“You didn’t have to come out here.” I didn’t force her to get up this early on a Sunday.
“Do you know how many phone calls I’ve fielded from Mom?” she replies.
I haven’t fielded any. Not a call or a text. Just silence. It’s only been about fourteen hours but I feel it sharply.
“You don’t have to get in the middle.” It’s not her job to play mediator.
She lets out a weary sigh. “I’m not here to be in the middle. You two need to work it out, but I want to tell you something that might help you understand why she’s so damn protective all the time. Can we sit down?”
She lumbers over to the couch before I answer and I catch myself before offering her coffee she can’t drink.
“You know Mom’s always freaked out about us having guards because of the kidnapping.” Nat tucks the pillows around herhow she likes, hugging one to her stomach that’s starting to get a cute little bump.
“Of course I know.” It’s why it’s so hard not to push back against the security.
“Well, there’s something else. Something she never wanted to tell us.” At my wrinkled nose, she explains. “I heard people gossiping so I confronted her about it. Look, don’t get squeamish on me.”
“What is it?” I ask. Mom never talks about the three days in captivity. They tortured her, yes, but it’s only ever discussed in generic tones. My heart beats harder, the muscles straining as I stare at Nat who nods.
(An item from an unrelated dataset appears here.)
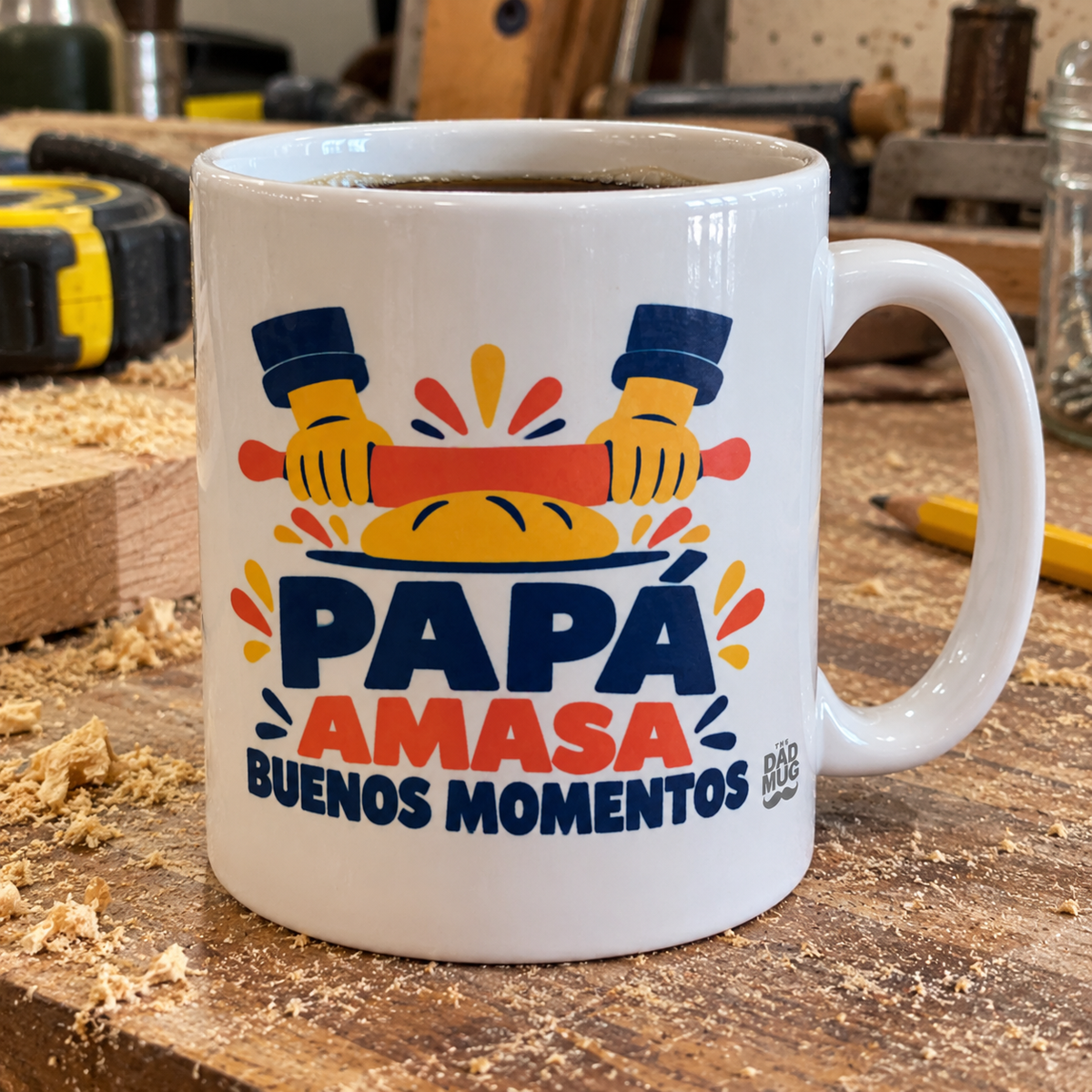 Papá amasa buenos momentos — Taza para papá panadero | Cerámica blanca 11oz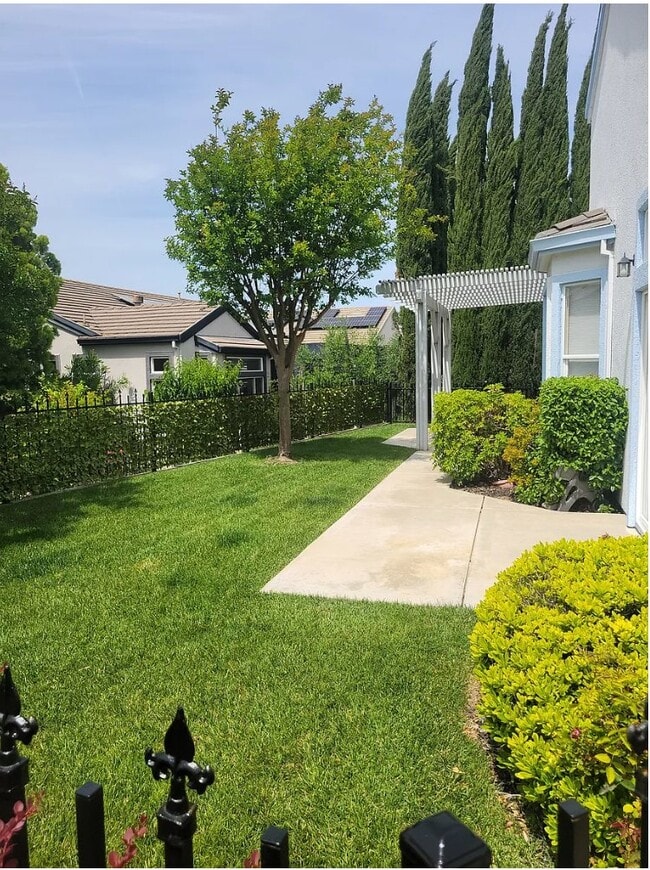 Photo - 723 Deerfield Way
“Yeah, they sexually assaulted her,” Nat confirms. She’s matter of fact, her face plain. Like it’s a detail she’s gone over a hundred times. How long has she kept this to herself?
I play with a stray thread on the edge of a pillow, holding it tight. Nat doesn’t give explicit details but it’s safe to assume this wasn’t groping or a pinch on the ass.
Someone raped Mom. And she’s lived with that pain her whole life.
I’m frozen as I examine the knowledge.
This confirms what some people occasionally imply or wonder about. But unmasking the truth is never an easy affair.
“It’s not just that.” Nat takes my hand. “Mom’s strong, but. . .” It’s one of the rare times I see my sister hesitate. “She was pregnant with me when it happened.”
For a second the whole world stops as I comprehend what Nat’s saying.
“Oh.” I toy with the thread, wrapping it tightly around my finger. “Oh.”
Nat rubs my shoulder. “When I was in high school, I overheard some Russian assholes that were in town to meetDad and Lev. They were making it seem like I wasn’t Boris’s daughter.”
I startle, my body jerking.
Nat keeps rubbing my shoulder, smiling through the pain. “I was livid at the idea that Dad was hiding my lineage from some asshole. So I confronted Mom. Looking back, I hate how I did it, but my teenage self really wasn’t equipped to have such an emotional conversation.”
“What happened?”
“Mom got super upset. I think it wasn’t so much that I asked, but that people were gossiping. She explained to me that she’d been assaulted, that it was brutal, though, she didn’t give details. And when I kept asking her if I was the result she got even sadder. She told me she was about six weeks along. She didn’t know at the time and she said she was actually glad she didn’t. That if she’d been aware, that she knew her baby might end up hurt, she might not have been able to survive at the time.”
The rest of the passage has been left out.